Однако не успел Невельской, выехавший в Де-Кастри, добраться до Мариинского поста, как получил сообщение, что в Де-Кастри прибыли транспорты «Иртыш», «Байкал» и «Двина» с семействами жителей и всем имуществом Петропавловского порта, а следом за ними идет Завойко с фрегатом «Аврора» и корветом «Оливуца» (который также зимовал в Петропавловске). По распоряжению генерал-губернатора Петропавловский порт снят и приказано все сосредоточить в Николаевске на Амуре. Оказывается, что еще зимою Муравьев решился наконец на шаг, неизбежность которого давно, задолго до войны, предсказывал Невельской. Тяжело было генералу видеть, что рухнули его проекты о возведении Петропавловска в степень первоклассной крепости. Сознание собственной ошибки и доказанная фактами правота Невельского еще более увеличили все возрастающую антипатию к нему Муравьева.

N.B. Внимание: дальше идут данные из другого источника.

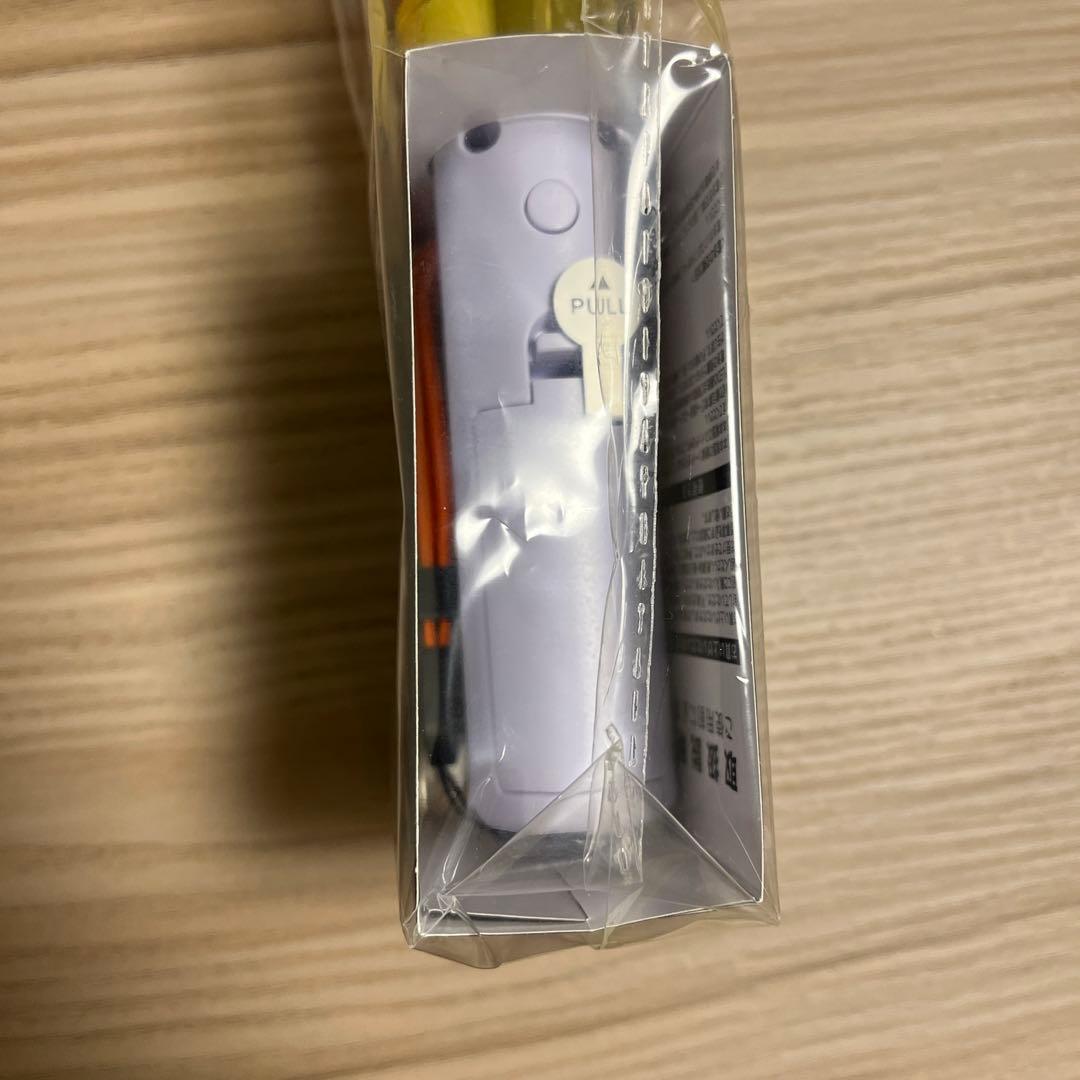 超特急 超ペンライト オレンジ 新品 柏木悠 ハル TIME タイム - メルカリ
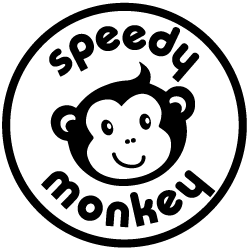 Speedy Monkey
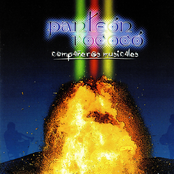 Panteon Rococo: Compañeros Musicales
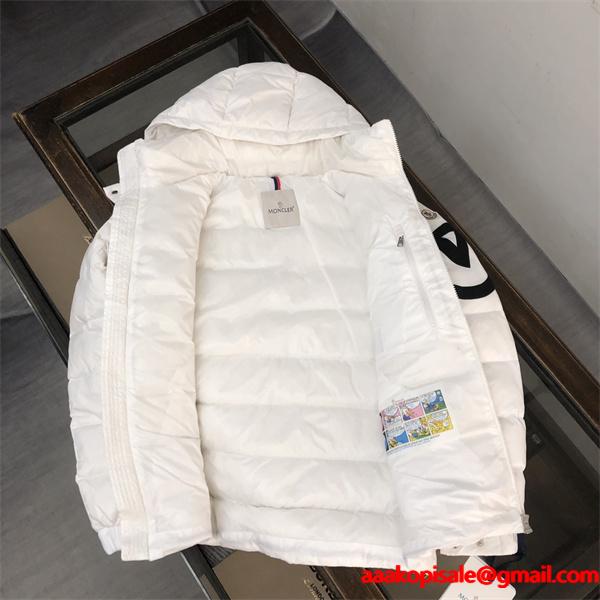 2025秋冬ファッションの決め手 モンクレール  MONCLER メンズ ダウンジャケット コピー 激安(日本最大級)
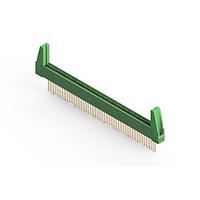 EDAC 345-062-541-188 Standard Card Edge Connectors .100" (2.54mm) Pitch Card Edge Connector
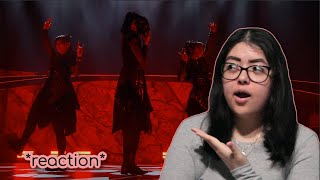 BABYMETAL MEGITSUNE LIVE AT PIA ARENA REACTION [upl. by Refynnej]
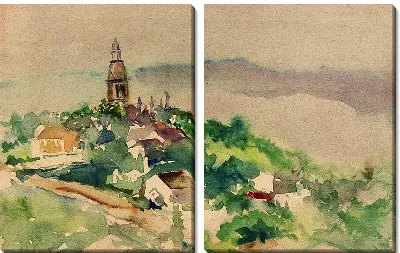 картина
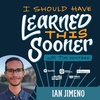 Living Life Unapologetically: Embracing Personal Growth and Overcoming Judgement - Feat. Ian Jimeno
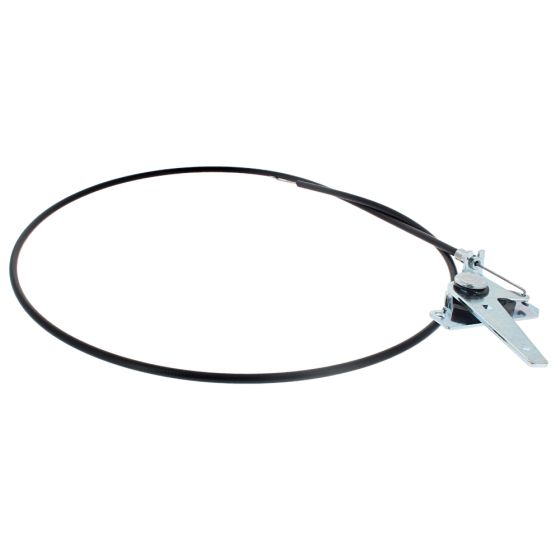 Throttle Cable for Stihl RT5097.0Z, RT5112.0Z, RT6112.0ZL Mowers - OEM No. 6170 180 1130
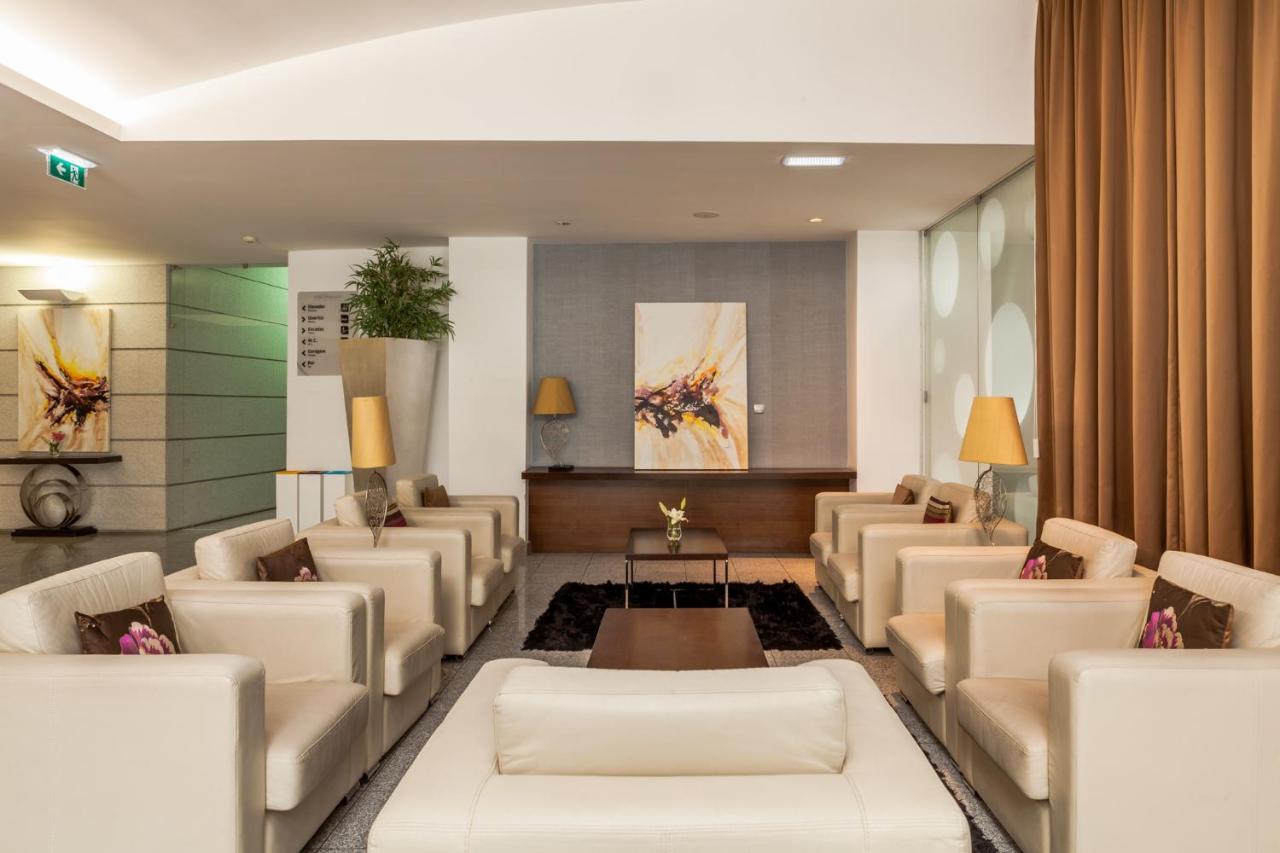 Lux Fatima Park - Hotel, Suites & Residence 외부 사진
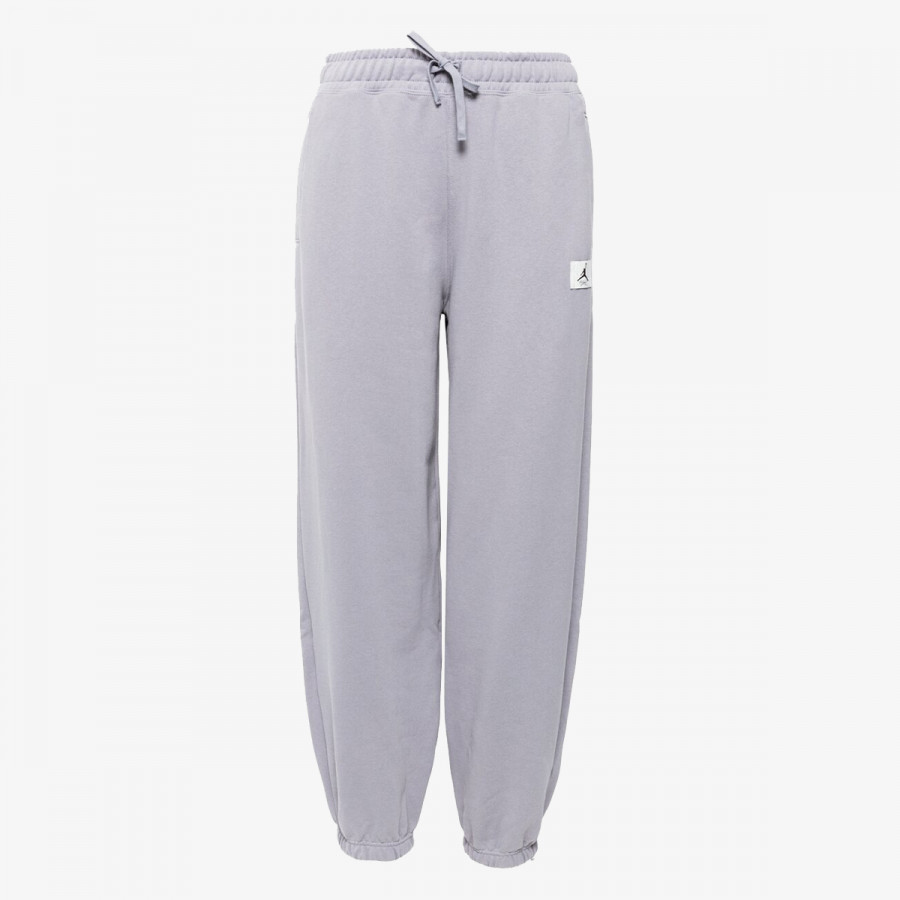 NIKE Pantaloni de trening W J FLIGHT FLC PANT 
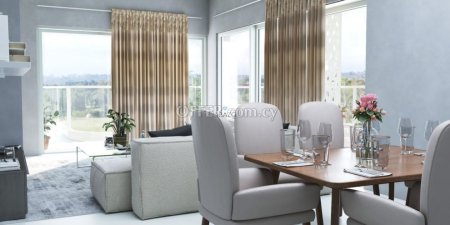 1 Bed Apartment for Sale in Harbor Area, Larnaca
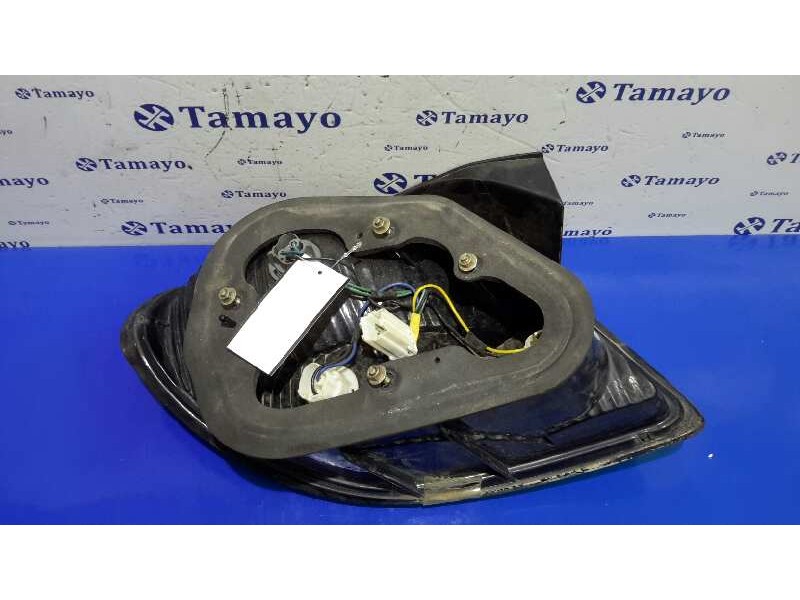 Recambio de piloto trasero derecho para hyundai coupe (j2) referencia OEM IAM   
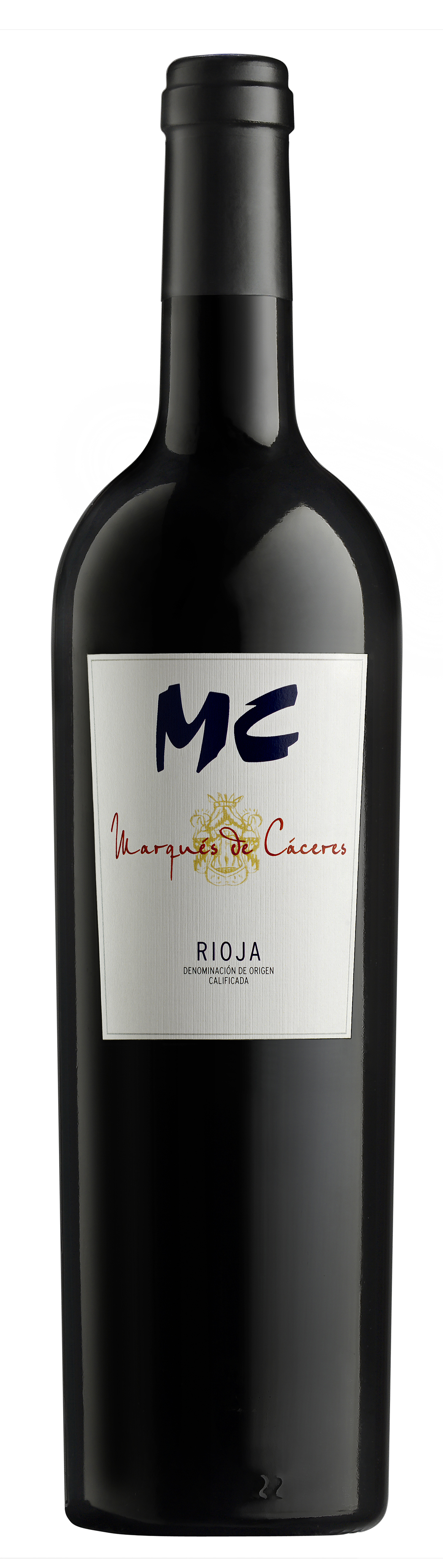 MC Marques de Caceres
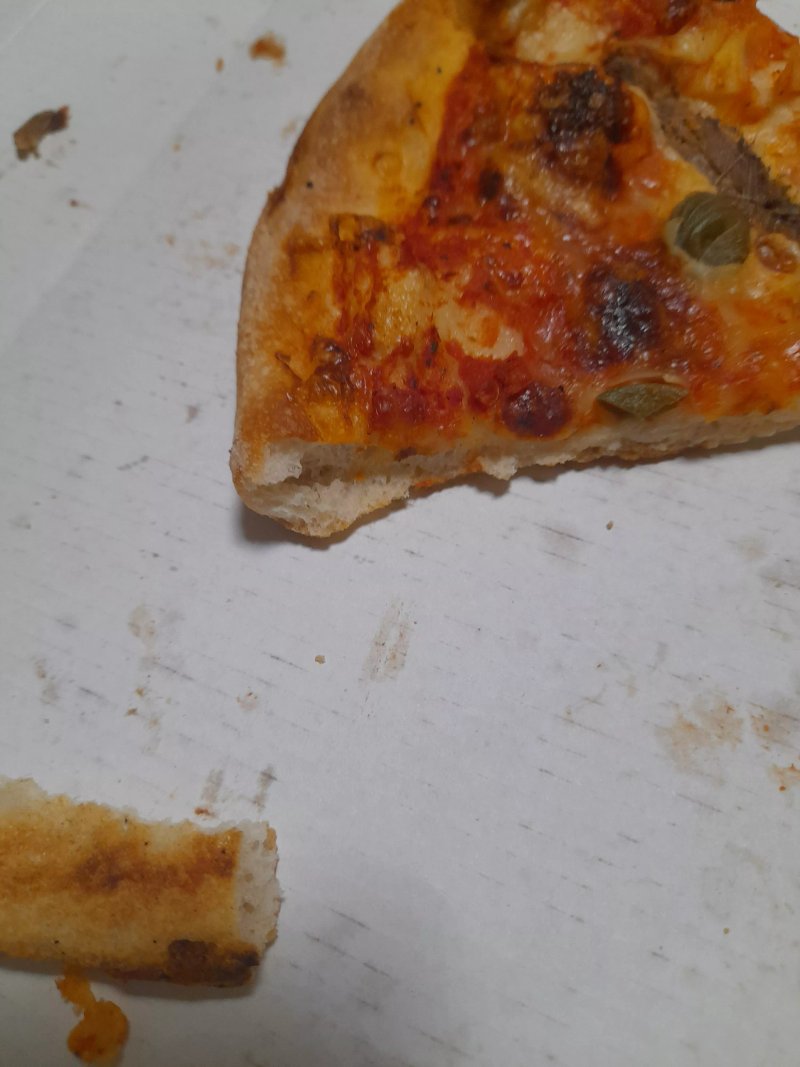 Pizzeria Rose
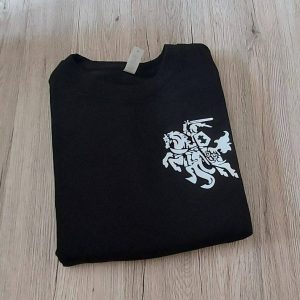 Džemperis: Vytis-Lietuva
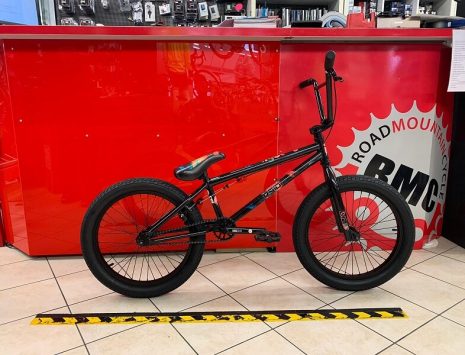 BMX Freestyle Moongose 20" Bici bmx freestyle a Verona. RMC negozio di biciclette a Verona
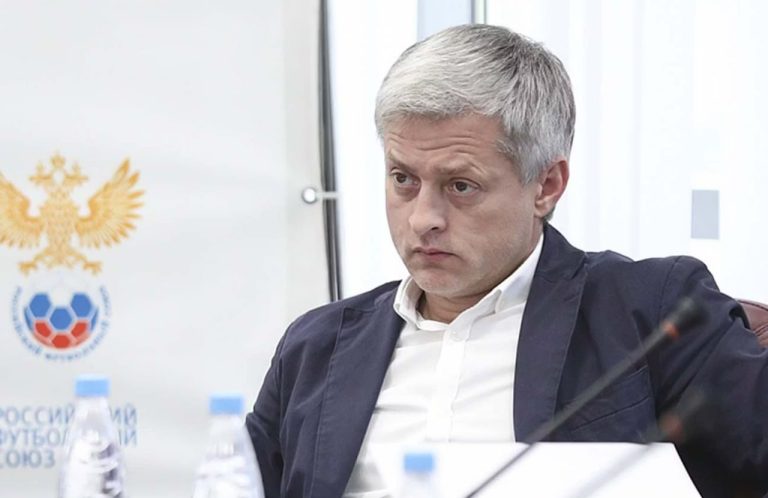 Ефремов отреагировал на информацию о своём уходе из РПЛ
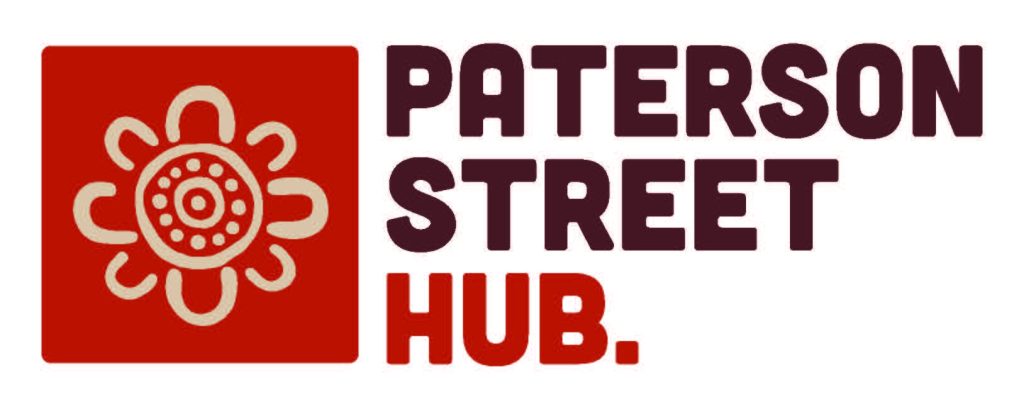 Paterson Street Hub logo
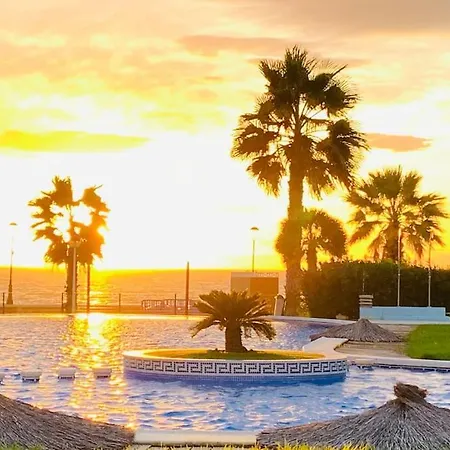 Apartment Jardines Del Mar, 30380 *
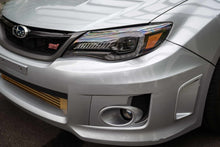 Load image into Gallery viewer, XB LED Headlights: Subaru Impreza WRX (2008-2014) (Set) Morimoto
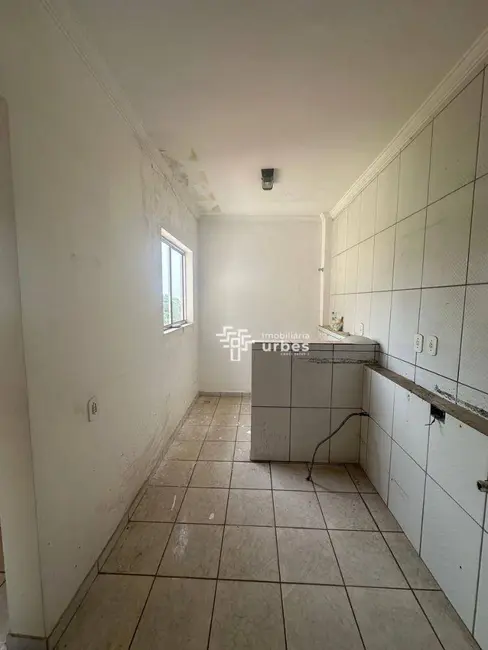 Foto 6 de Apartamento com 3 quartos à venda, 88m2 em Jardim Guanabara, Americana - SP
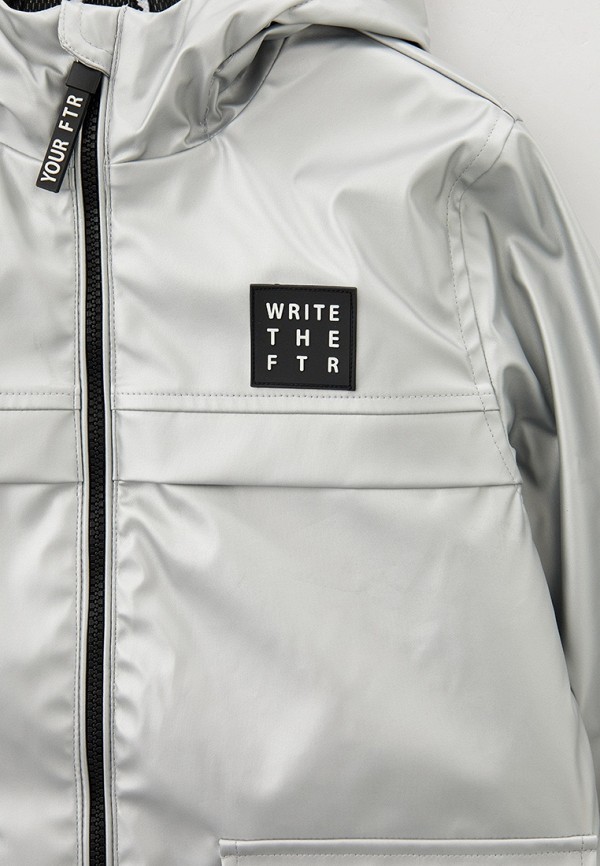 фото Куртка утепленная playtoday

В разгар суровой сибирской зимы курьером из Иркутска в Петропавловск-на-Камчатке был послан через Якутск, Охотск и Гижигу есаул Мартынов. Он вез приказ об эвакуации Петропавловска. Этот отважный человек проделал путь свыше 7 тысяч верст по пустынным и диким местам в три месяца, со скоростью, еще не виданной в этих краях. Он вовремя передал приказ, и Завойко раннею весною, под носом у вражеской эскадры, сумел со всем имуществом и кораблями уйти к Амуру.
Невельской с характерной для него благородной объективностью так отзывался о действиях Завойко:
«В. С. Завойко распорядился переброскою великолепно: еще не разошелся лед в Авачинской губе, как суда наши были вооружены. Лишь только тронулся лед, они вышли в море, забрав с собою все семейства и все имущество поста. Есаул Мартынов остался в Петропавловске начальником. Вскоре по уходе эскадры из Петропавловска туда явились англо-французы и, не найдя там ни судов, ни команд (кроме есаула Мартынова с несколькими жителями), сожгли казенные магазины и пошли в погоню за нашими судами в Японское море».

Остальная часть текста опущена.